The authors called on Ukrainians and Poles to “accept the paradigm of all victims are our victims”, that is, to refuse to divide the victims of the Volyn massacre into “ours” and “theirs”, to refuse to use the Volyn massacre for political purposes because that only leads to increased confrontation between Poland and Ukraine.
The Ukrainian and Polish historians propose, instead, to begin exhuming unmarked mass graves in order to create cemeteries and necropolises; to condemn all acts of vandalism against the burial sites of the victims of the events in Volyn; and to restore previously destroyed notices and monuments to the victims of Ukrainian-Polish hostility, both on the territory of Ukraine and on the territory of Poland.
The text of the communiqué is the result of an extensive study by a joint group of historians which considered not only the events in Volyn, but also disagreements between the two countries regarding the assessment of other dramatic events in the 1917-1923 and 1937-1947 periods.

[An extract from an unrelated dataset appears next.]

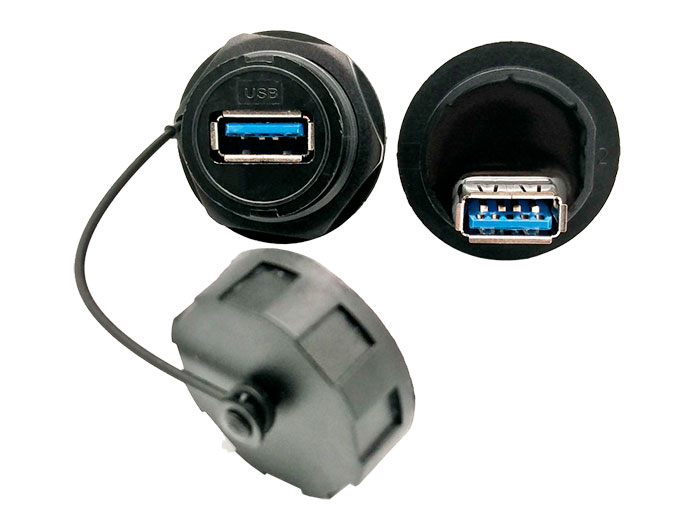 Adaptateur USB-A Femelle Panneau vers USB-A Femelle avec Couvercle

Following the publication of the text of the communiqué, the Ukrainian signatories came under intense criticism from some Ukrainians who accused them of “surrendering national interests,” although the main national interest of Ukraine today is complete mutual understanding with Poland.
This pressure caused two Ukrainian historians to withdraw their signatures, but among those who did not withdraw their signatures, was one of Ukraine’s best-known historians, Professor of the Ukrainian Catholic University in Lviv, Yaroslav Hrytsak.

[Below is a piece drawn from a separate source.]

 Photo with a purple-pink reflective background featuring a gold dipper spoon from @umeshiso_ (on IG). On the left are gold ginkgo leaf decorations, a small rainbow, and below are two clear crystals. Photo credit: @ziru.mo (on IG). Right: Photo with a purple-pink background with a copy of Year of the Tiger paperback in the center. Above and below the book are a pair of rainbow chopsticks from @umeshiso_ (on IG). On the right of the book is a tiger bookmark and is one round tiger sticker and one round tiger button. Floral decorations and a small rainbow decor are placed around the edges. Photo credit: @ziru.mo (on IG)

“Signing (the communiqué) means that we are ready to talk to each other...,” he said. “We do not want the ‘Volyn Case’ to become the main topic in Poland’s presidential elections.”
Hrytsak is right. The first round of the Polish presidential elections will take place in just four months, on May 18. The topic of the “Volyn massacre” or “Volyn tragedy,” is bound to come up and could influence the outcome of the elections.
The Ukrainian government, meanwhile, has lifted the ban on the exhumation of Polish mass graves in Ukraine, and the vital process of exhuming the victims of the events of 1942-1943 has begun.
In Western Belarus, meanwhile, a campaign to destroy burial sites of Polish soldiers and memorials related to the Polish history of the territory has been going on for two years. Sometimes monuments and burial sites are demolished on the orders of local authorities, sometimes the destruction is presented as acts of vandalism.
Polish Belarusian relations are currently frozen. Against this backdrop, from the high ground of the new year, one can look at the future of Polish Ukrainian relations with cautious optimism.
The views expressed in this opinion article are the author’s and not necessarily those of Kyiv Post.